Bu “dönemin ruhu” karşısında, sol akımların ya reformist feminizm, radikal feminizm ve post-feminizme adapte olduğunu, ya da bir o kadar anti-Marksist bir pozisyona savrularak, kadınların ezilmesinin özgül yanlarını inkar ettiğini ve onu tamamen kapitalist sömürüye indirgemeye çalıştığını tespit ettik. Her iki yönelim de, işçi sınıfının, baskılara karşı emekçi, devrimci ve sosyalist bir program savunur ve antikapitalist ve devrimci bir işçi hükümeti kurmaya çalışırken, bütün ezilen kesimlerle beraber ittifak kurma mücadelesi vermesi gerektiğini gözardı ediyor.

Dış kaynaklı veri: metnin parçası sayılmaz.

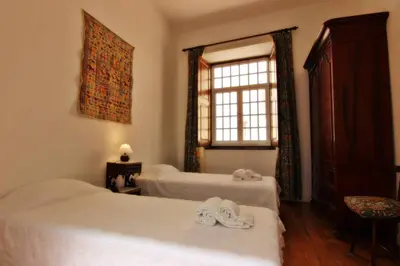a bedroom with two beds and a window at Casa dos Tios in Albufeira
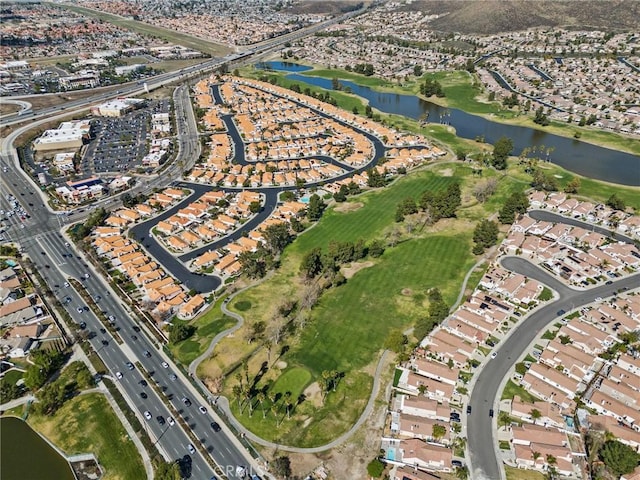 birds eye view of property featuring a water view and a residential view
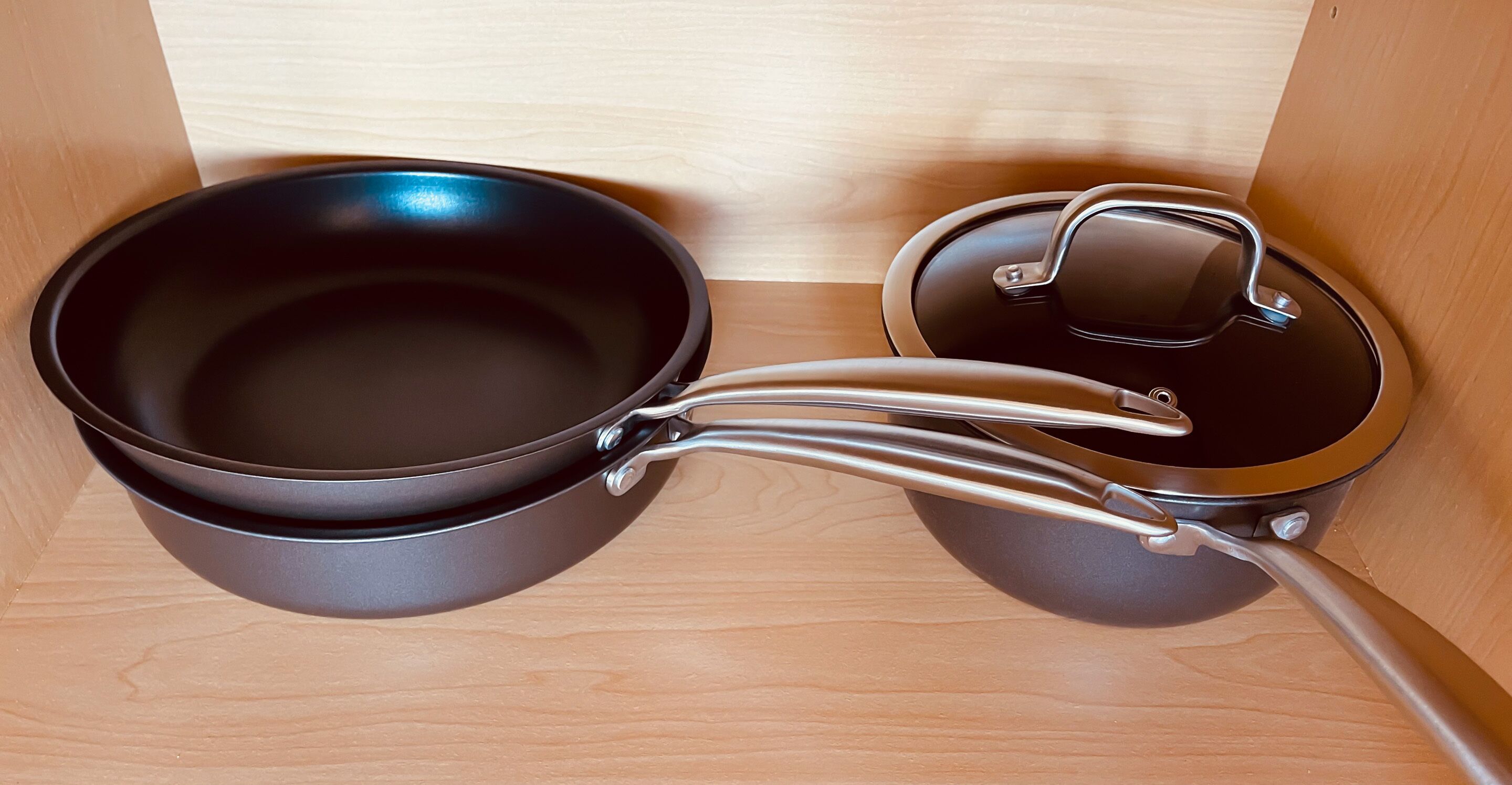 A black electric kettle with a lid and a power cord plugged into a wall socket.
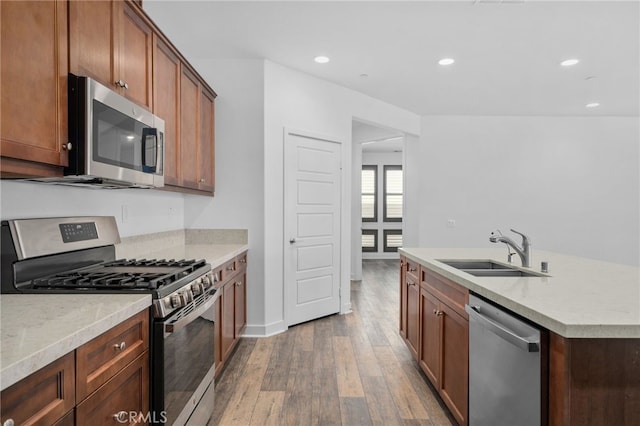 1649 Spring Run Ln, Beaumont, CA 92223 - kitchen with stainless steel appliances, wood finished floors, recessed lighting, light countertops, and a kitchen island with sink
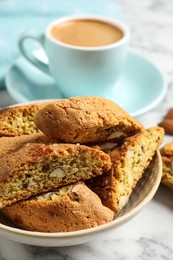 Photo of Tasty cantucci and cup of aromatic coffee on white marble table, closeup. Traditional Italian almond biscuits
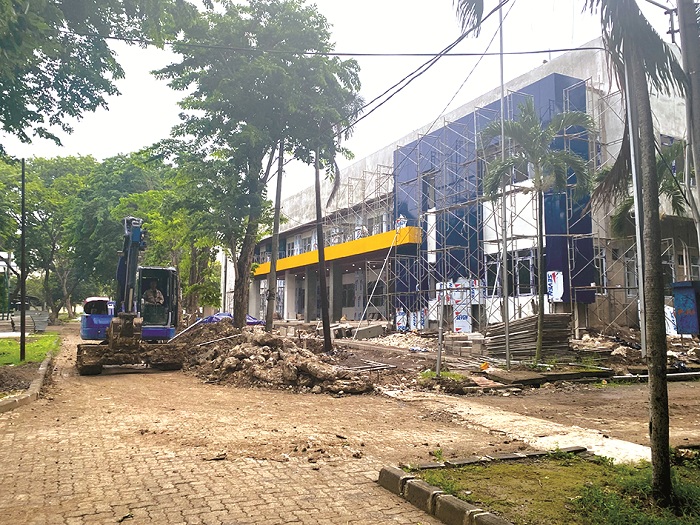 LOMPAT TAHUN: Seorang pekerja proyek pembangunan gedung inovasi teaching industry UTM Bangkalan mengoperasikan alat berat, Senin (30/12/2024). (JUPRI/JPRM)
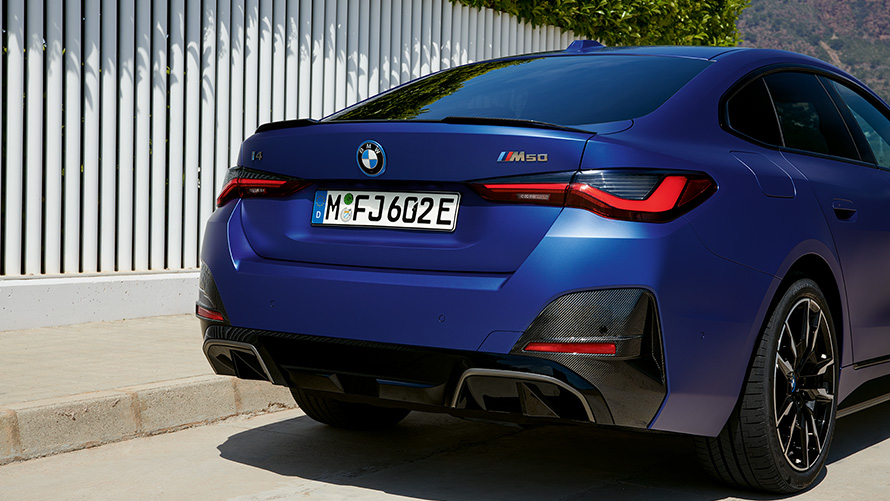 BMW i4 M50 G26 2021 BMW Individual Frozen Portimao Bl&aring; metallic sedd snett bakifr&aring;n parkerad vid vitt staket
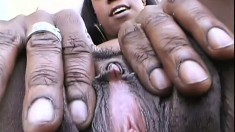 Horny black bitch goes solo into her dark pussy's amazing folds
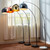 Arquer 66.93" Arc Floor Lamp for Living Rooms, Home Offices, Dining Rooms, Bedrooms with Faux Black Marble Base and Black Bell Shade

Bu kısa özette sunamadığımız kadar geniş bir kapsama yayılan bu tartışmalar temelinde, Konferans şu kararları aldı:

a) Pan y Rosas (Ekmek ve Güller) Uluslararası Manifestosu yayımlanacak. Manifesto, sosyalist devrimci kadın akımımızın temel politik ve ideolojik mücadelelerini, kadınların kurtuluşuna dair strateji önerimizi, aslen emekçi kadınların örgütlenmesine odaklı olan program ve militan pratiğimizin başlıca unsurlarını ortaya koyacak.

b) Latin Amerika ve Karayipler’de Kürtajın Yasallaşması Günü’nün kutlanacağı Eylül ayında, Latin Amerika ağırlıklı olmak üzere, uluslararası bir kürtaj hakkı kampanyası düzenlenecek.